■ Directions for this task
Would you restate the entries below word for word, leaving out the images?

■ Raw data
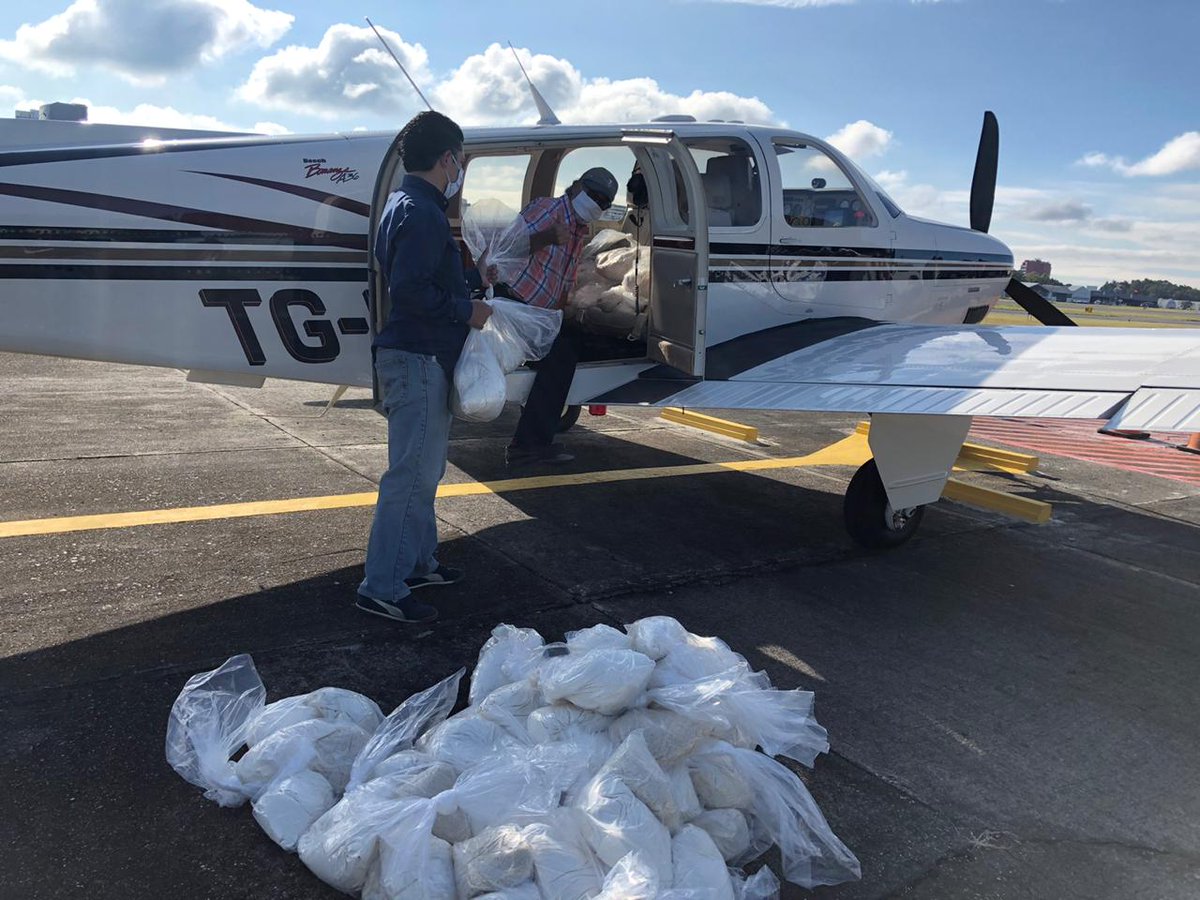 AeroclubGuate's tweet photo. Finalizamos nuestro 3er dia de puente aereo, hoy un total de 39 vuelos y 25,809lbs de viveres transportados a Puerto Barrios, Morales, Peten y Coban. Se continua realizando operaciones de 🚁 de rescate. 

La aviación general apoyando al pueblo de #Guatemala una vez más. https://t.co/77aSEbZLCt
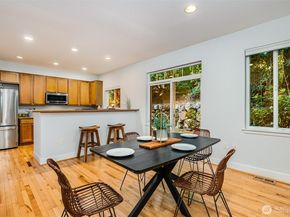 5523 Lakemont Boulevard SE 604, Bellevue WA 98006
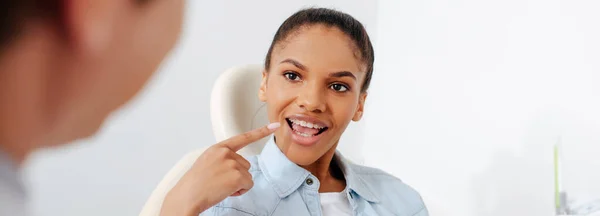 Panoramic Shot African American Woman Opened Mouth Pointing Finger Braces — Stock Photo, Image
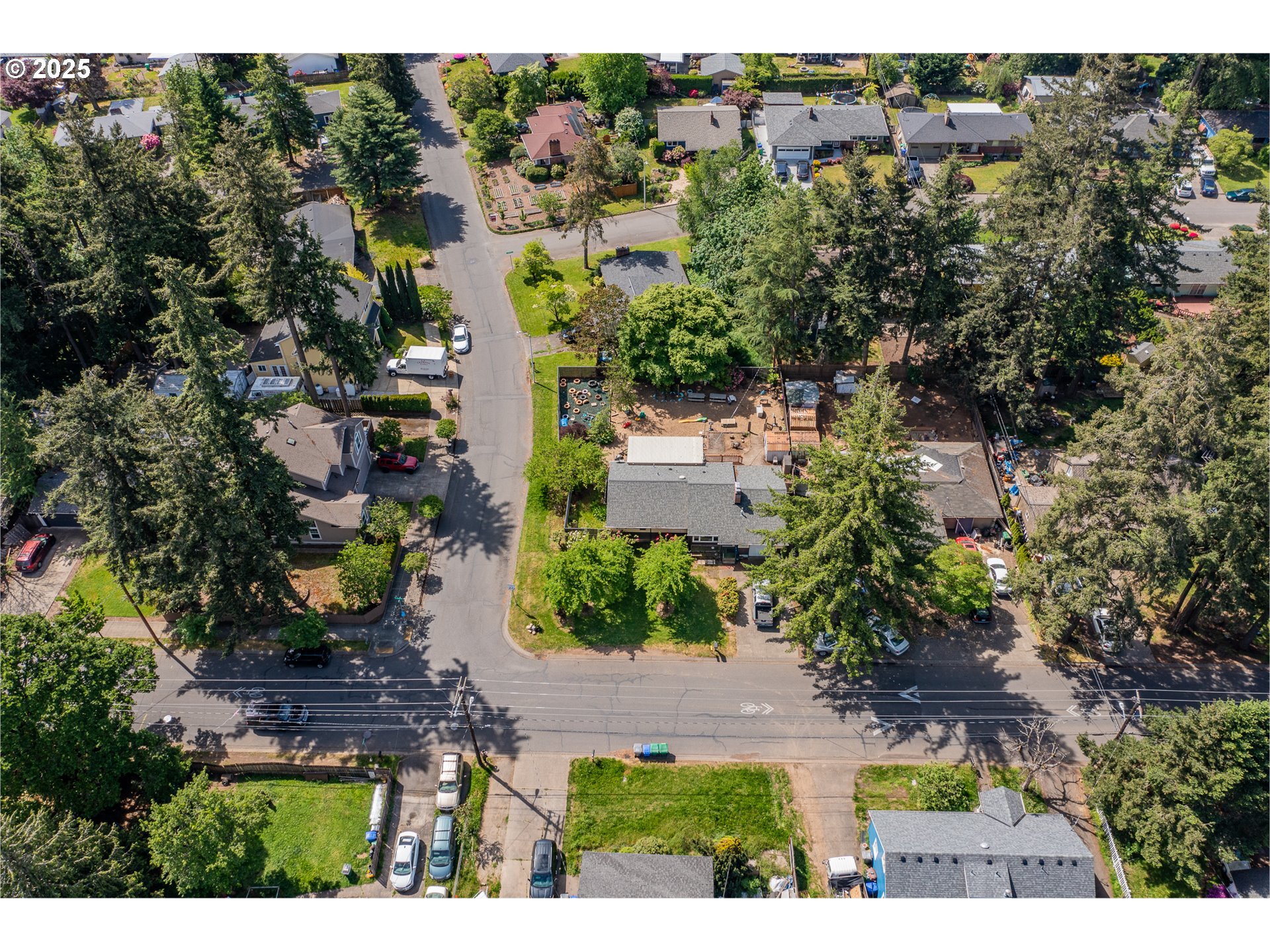 14124 Southeast Mill Street Portland, OR 97233 - Photo 44 of 48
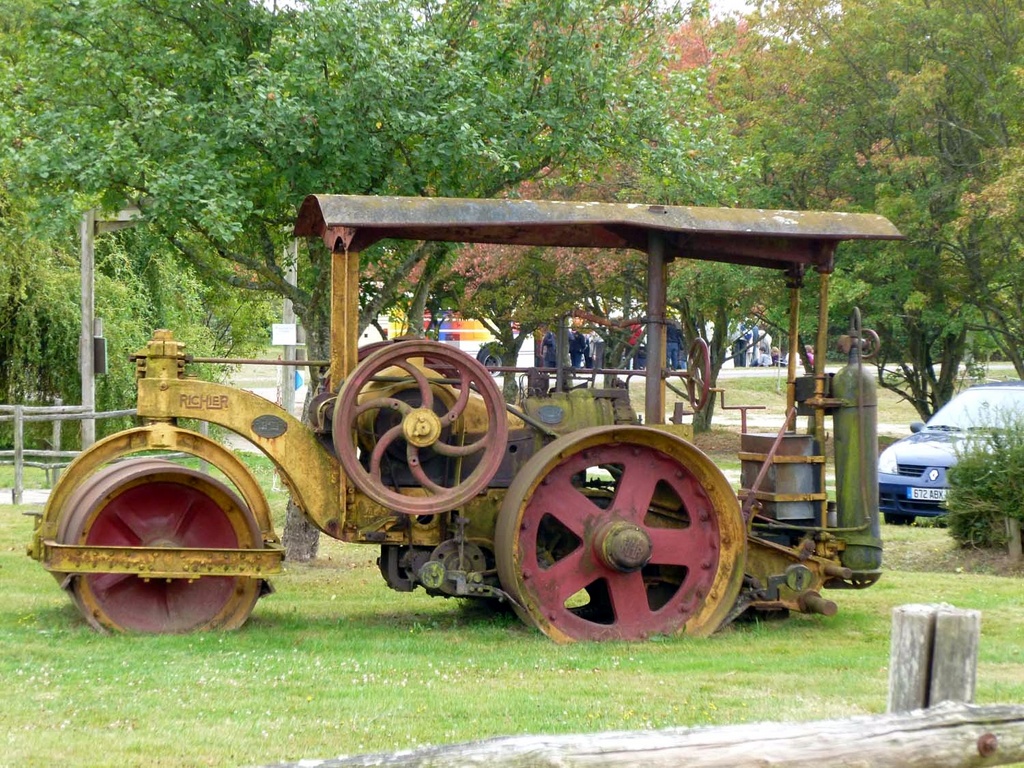 090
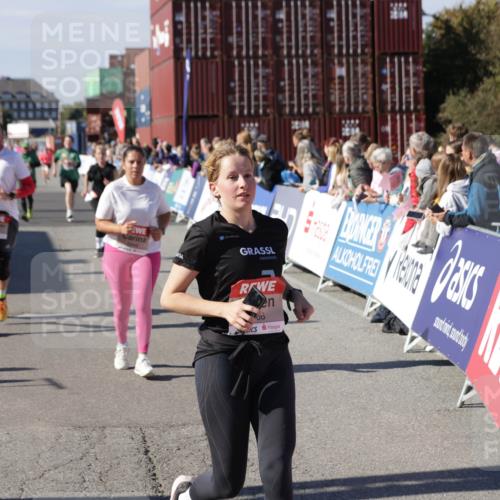 03.10.2025 - Köhlbrandbrückenlauf Jannik Wohlers http://msf.ph/oto/9109849 03.10.2025 13:29:51 Ziel 4629, 4660, 4714, 4720, 4733, 4825, 5119, 5120, 5260, 5333, 5574, 5587, 5621, 5930, 5944, 6066, 6234, 6570, 6698 meine-sportfotos.de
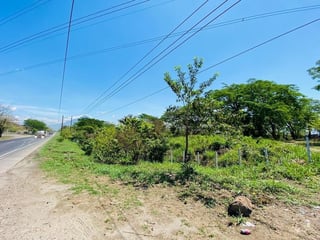 PUERTO QUETZAL/ Terreno en venta - 2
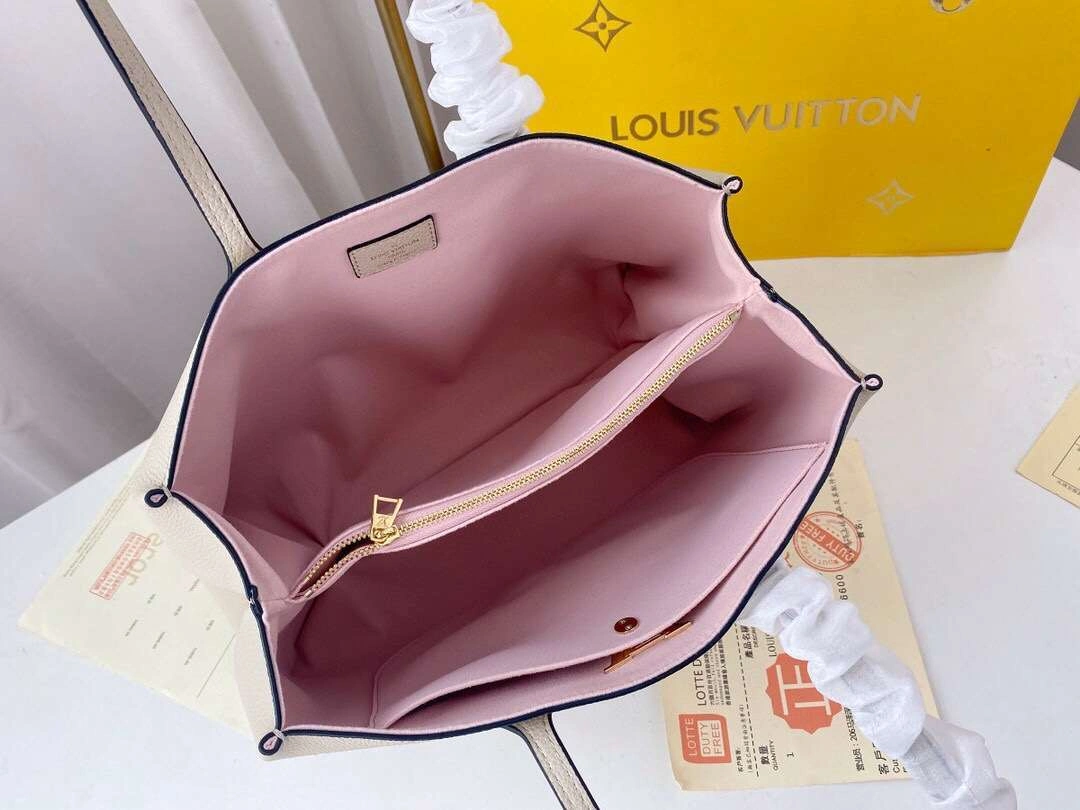MOMO-- M57345 Cowhide 3 Colour item:174B37D0780-3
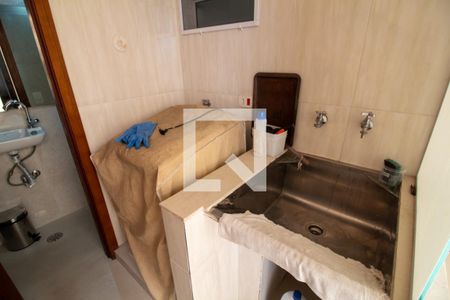 Casa à venda com 300m², 4 quartos e 4 vagas Casa à venda com 300m², 4 quartos e 4 vagasÁrea de Serviço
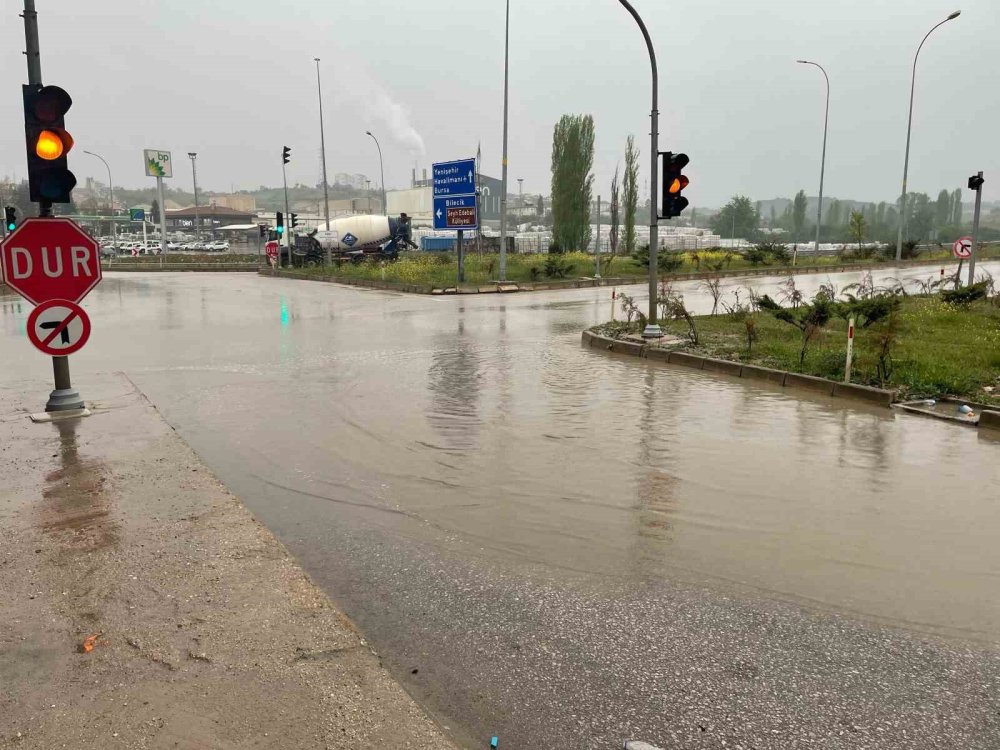 Aniden Bastıran Yağmur Hastane Kavşağında Zor Anlar Yaşattı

■ Answer to the exercise
 AeroclubGuate's tweet photo. Finalizamos nuestro 3er dia de puente aereo, hoy un total de 39 vuelos y 25,809lbs de viveres transportados a Puerto Barrios, Morales, Peten y Coban. Se continua realizando operaciones de 🚁 de rescate. 

La aviación general apoyando al pueblo de #Guatemala una vez más. https://t.co/77aSEbZLCt
 5523 Lakemont Boulevard SE 604, Bellevue WA 98006
 Panoramic Shot African American Woman Opened Mouth Pointing Finger Braces — Stock Photo, Image
 14124 Southeast Mill Street Portland, OR 97233 - Photo 44 of 48
 090
 03.10.2025 - Köhlbrandbrückenlauf Jannik Wohlers http://msf.ph/oto/9109849 03.10.2025 13:29:51 Ziel 4629, 4660, 4714, 4720, 4733, 4825, 5119, 5120, 5260, 5333, 5574, 5587, 5621, 5930, 5944, 6066, 6234, 6570, 6698 meine-sportfotos.de
 PUERTO QUETZAL/ Terreno en venta - 2
MOMO-- M57345 Cowhide 3 Colour item:174B37D0780-3
 Casa à venda com 300m², 4 quartos e 4 vagas Casa à venda com 300m², 4 quartos e 4 vagasÁrea de Serviço
 Aniden Bastıran Yağmur Hastane Kavşağında Zor Anlar Yaşattı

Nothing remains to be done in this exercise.